If you’re paying for Spotify and you’re listening to it on your mobile phone, you’re only getting half the enjoyment from that service that you could be getting. If you then go home and listen to it through your laptop speakers, that’s criminal. We have to get people to realise there’s a better way to listen.
Q: The multi-room audio market, which you’ve pretty much had to yourselves for some time, is becoming quite crowded, with some of the big, traditional CE brands, like Panasonic, LG and Samsung, coming into the sector. Is it a challenge for you to stay at the top?
JG: I guess so, but we don’t spend a lot of time worrying about what they’re doing. It’s a bit of a clichéd answer, but we think purely about what we need to do to deliver the best possible home listening experience. We’re very focused on one thing. We don’t do washing machines and TVs – we do audio.
The way I see it, there are two types of competition – there are those who are coming into multi-room streaming and there’s Bluetooth. More often or not, a customer is leaving [a store] with a Bluetooth speaker that’s not necessarily right for them.
Q: What’s Sonos’s approach to retail in the UK?
JG: Retail is a fantastically simple, but complex, business. I come from a retail background – I was at Amazon for seven-and-a-half years and before that, WH Smith. At Amazon, I was working in consumer electronics.
We see that the opportunity from people streaming music is huge and our approach is to partner with retailers to educate and inform all those people who, we think, should be listening to their music in a much better way. It’s a partnership to do that.
For us, the role of a retailer is to inform, educate and provide the best possible experience to their customer – we’re all about the experience.
If you go home and listen to Spotify through your laptop speakers, that’s criminal. We have to get people to realise there’s a better way
If we can find ways with retailers to deliver a better experience to people who are interested in audio, that’s exactly what we’ll do – whether it’s new displays, or staff training and education. Over half of our UK team is out there, on the road, talking to retailers.
We recently held a series of training workshops for about 200 installers and AV retailers. The majority of the training was on networking – it wasn’t specifically on Sonos. We see the AV specialist channel as a big area, moving into connected devices. It’s a huge opportunity for retailers. For independents, it’s a massive opportunity, because people’s home networks aren’t always as reliable as they want them to be. Even at its most simple level, troubleshooting networking problems is difficult. There’s a good opportunity for people who can help people with that and then bring [connected] devices into it…

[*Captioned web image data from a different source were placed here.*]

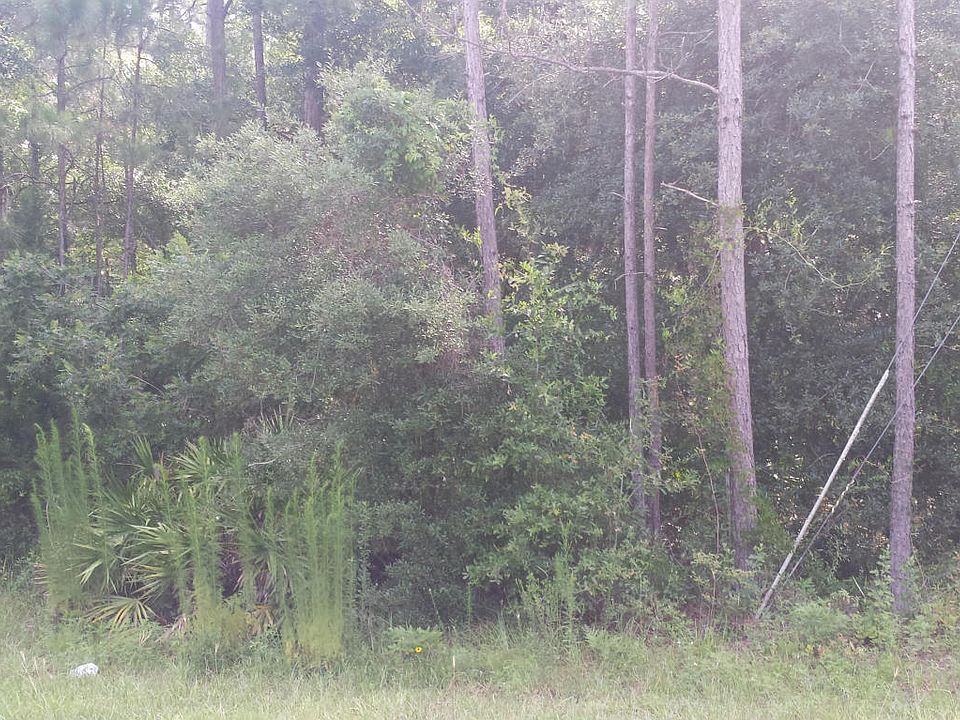 85330 Theresa Rd, Yulee, FL 32097 Zillow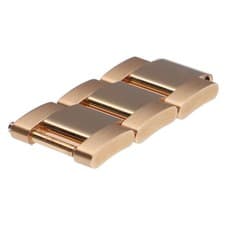 ROLEX 3 frames for 116505 WATCH PG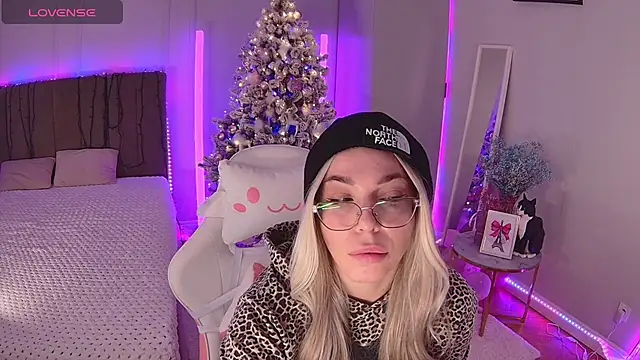 Daysy Wood online show from 01/14/26, 11:36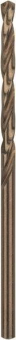 Bosch 2608585877         10 STD. METALLB 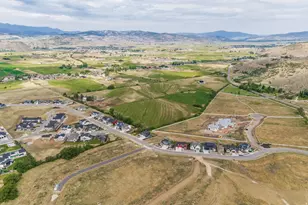 1451 Electric Ave, Kamas, UT 84036 - Photo 26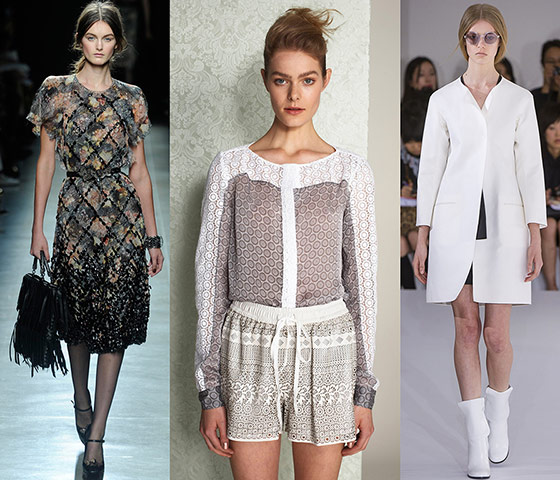 Milan top trends: milan top trends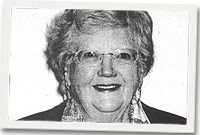 Eirlys Peris Davies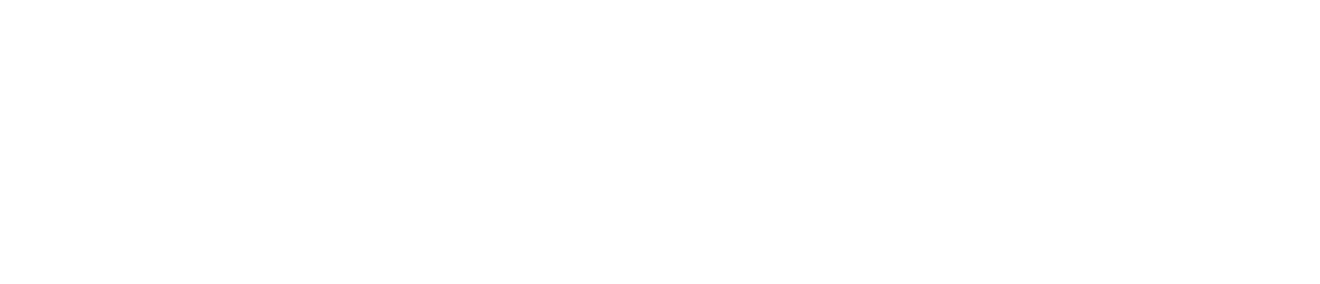 logo kraw blanco
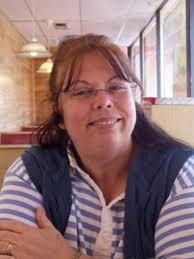 Michelle Beck Obituary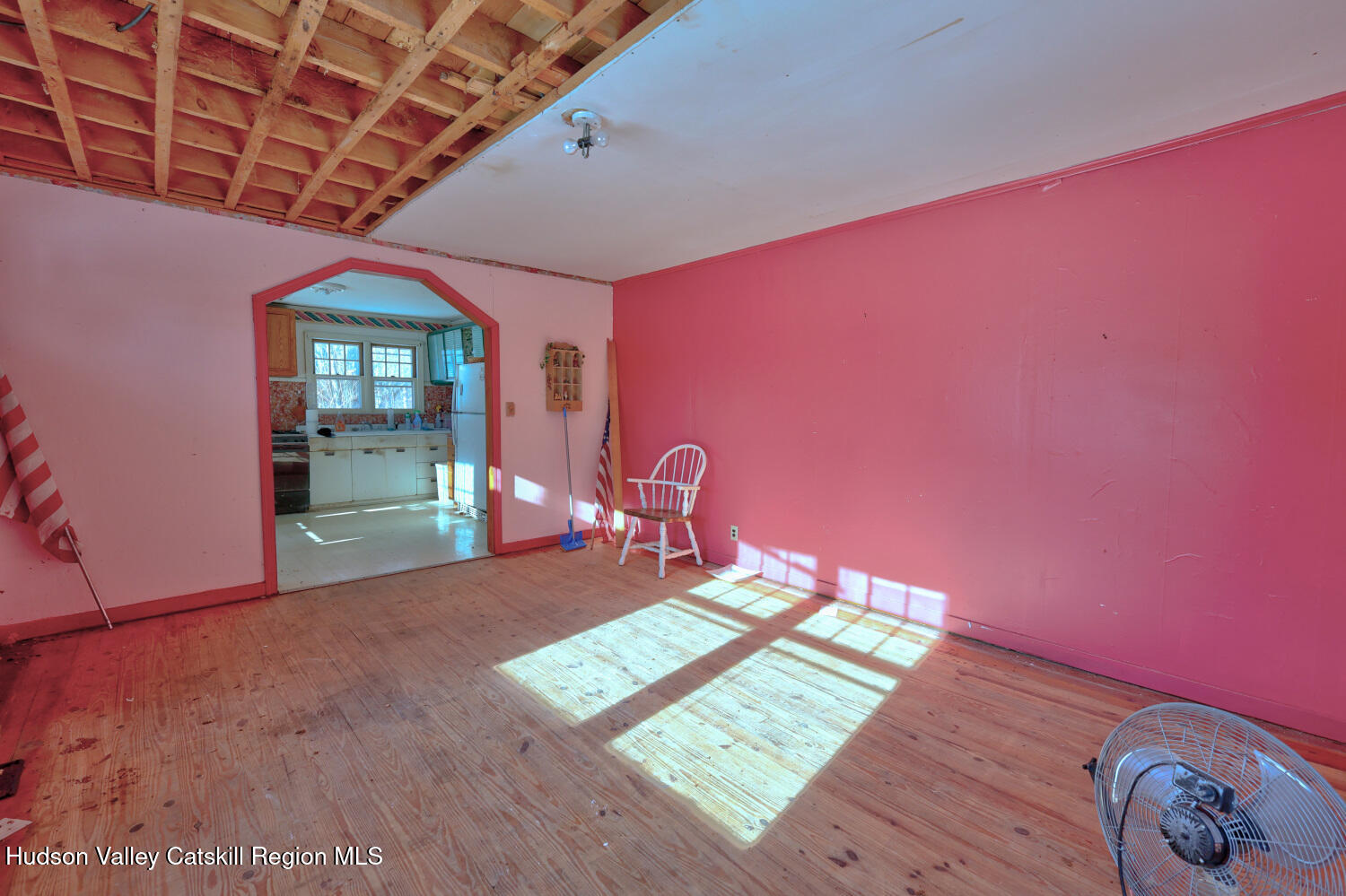 42 Old Rte 23 Cairo, NY 12413 - Photo 24 of 69 9o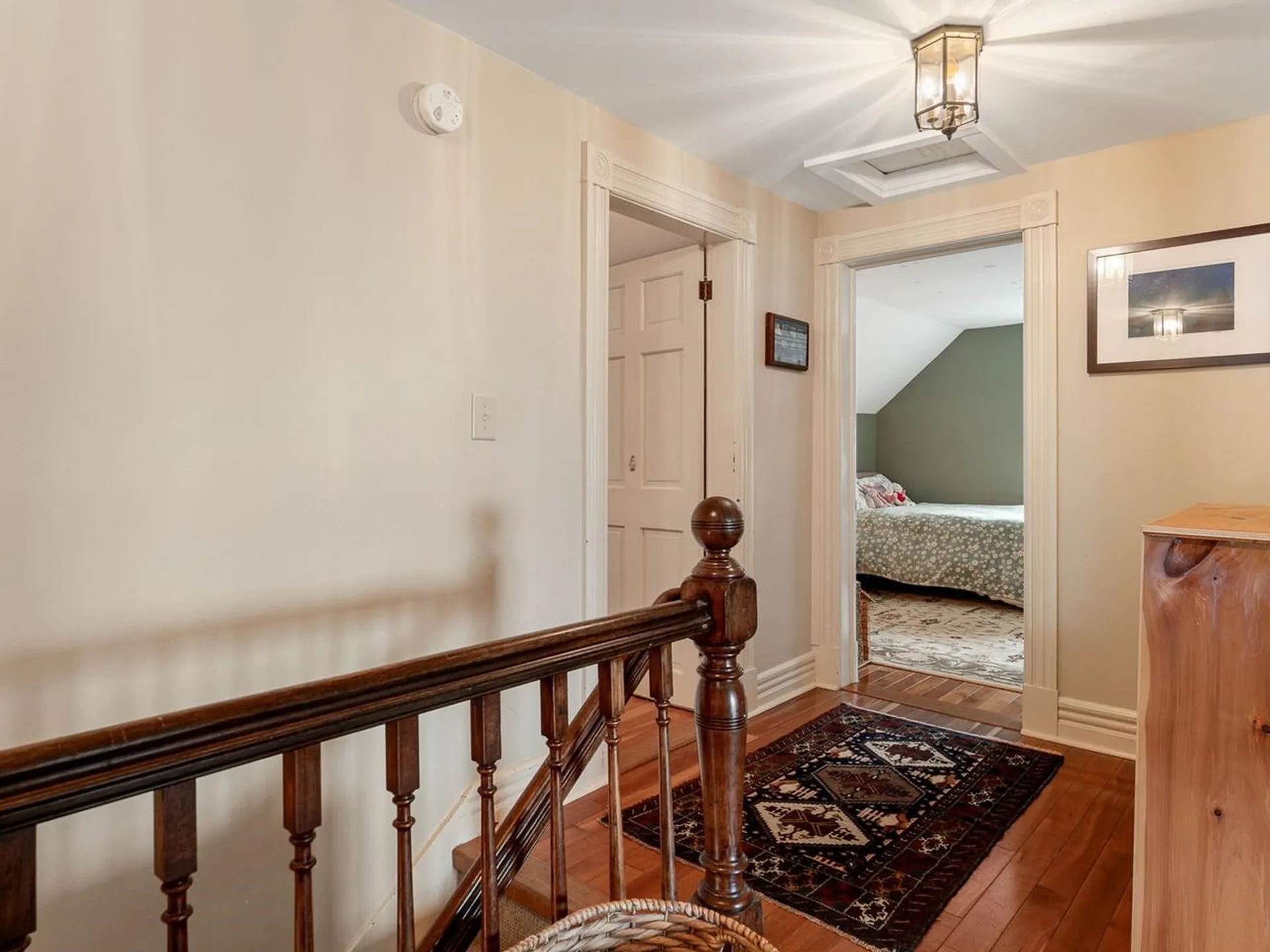 280 Main Street Shoreham VT 05770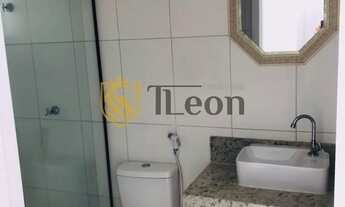 Imagem 7: APARTAMENTO RESIDENCIAL em SALVADOR - BA, STELLA MARIS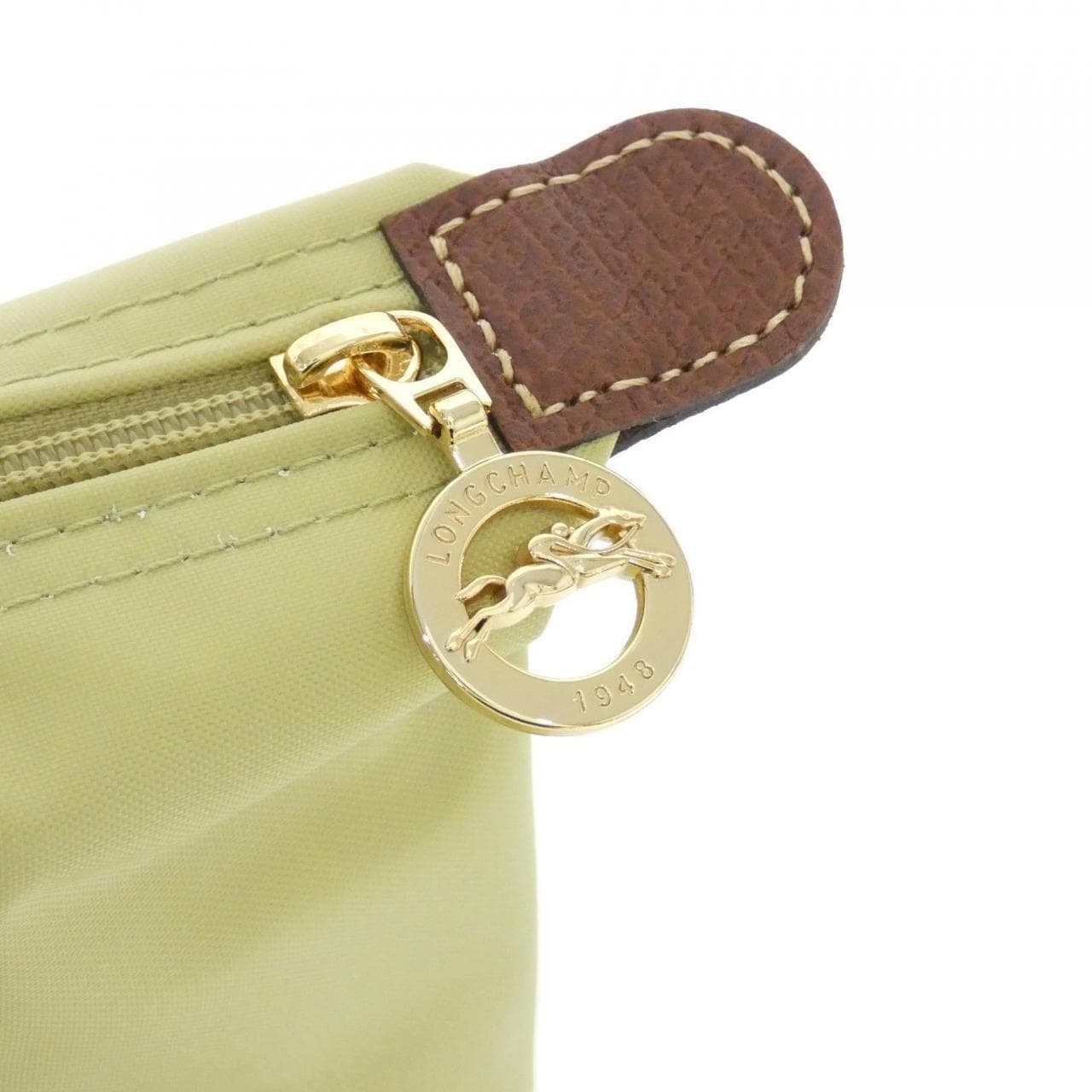 【新品】ロンシャン ル プリアージュ 1899 089 ショルダーバッグ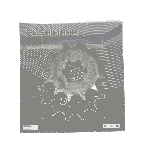 GEAR DEPAN FUSHIMAYA F1ZR (12T)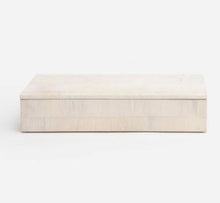 Load image into Gallery viewer, Miri Box (Set of 2)
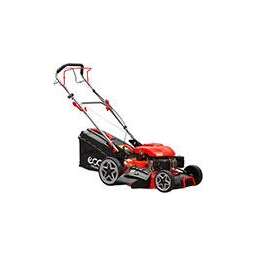 Eco LG-734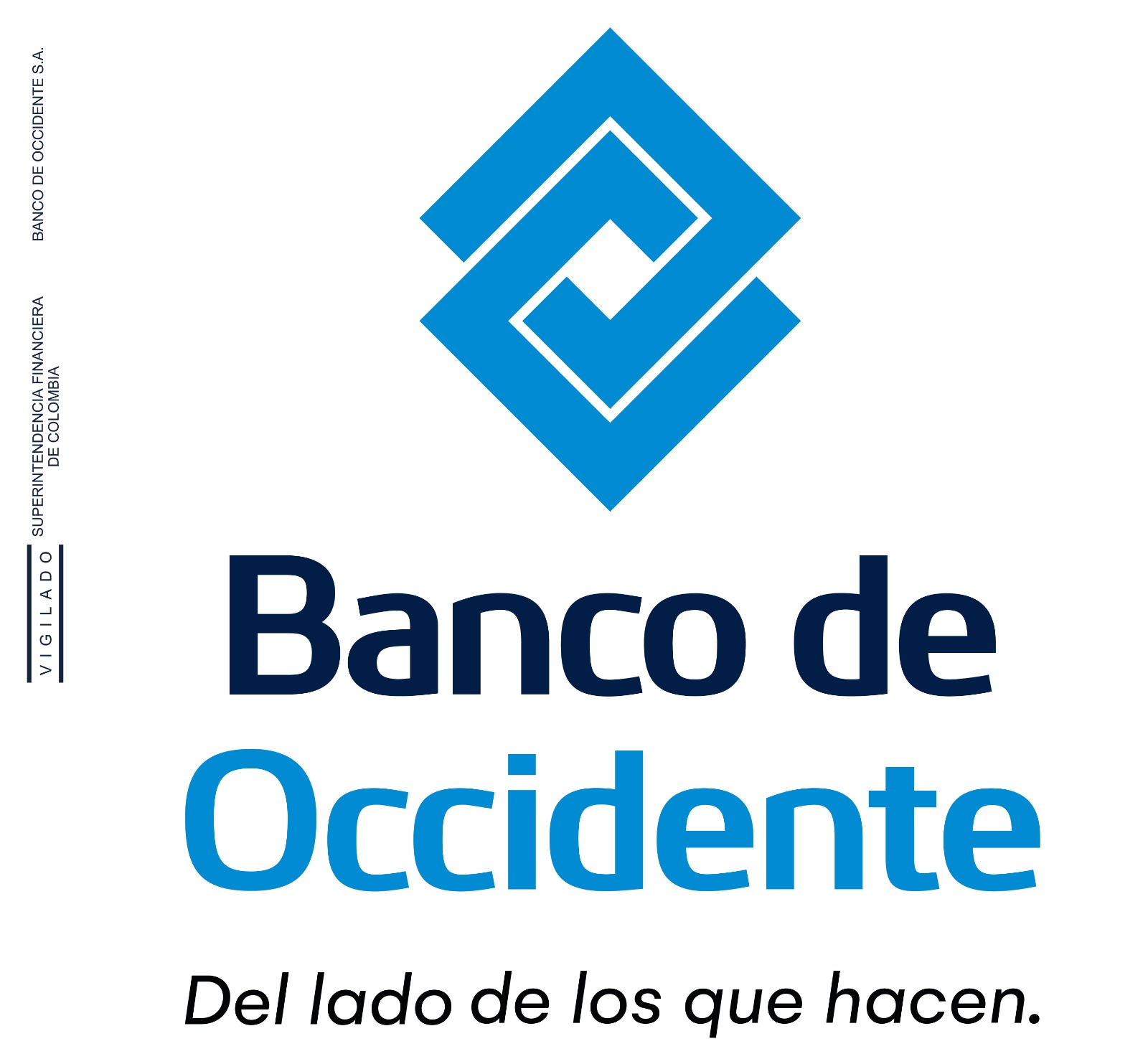 BC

Q: Do you ever envisage a time when Sonos will open its own dedicated stores or shop-in-shops?
JG: Possibly – yes – if we think that’s the best way of getting the experience across. I don’t think we’ll ever get to the stage where we’ll have 20 or 30 products. Our goal is to deliver the best possible audio experience to a customer in the simplest way. If shop-in-shop is the best way of delivering an experience, then I couldn’t see why we wouldn’t do it. At the moment, a lot of our emphasis is on training and educating store staff – that’s huge for us.
Q: Where is the multi-room audio market heading in the future?
JG: I’m a great believer that history repeats itself – streaming music has grown enormously.
It’s quite hard to get a handle on how many people are streaming in the UK and how many are paying for it. We reckon there is something like five or six million people paying in some way for streaming.
When you think of that as a proportion of the population, it’s still quite small. We think that will grow, so that at some point in the not too distant future, it will be heading towards a billion people streaming globally.
At the moment, there’s a huge amount of innovation in the delivery to customers – Spotify, Deezer, Apple and Tidal – but there’s not much innovation from the labels and content side. There’s still much more innovation to come and we’re just at the start of it.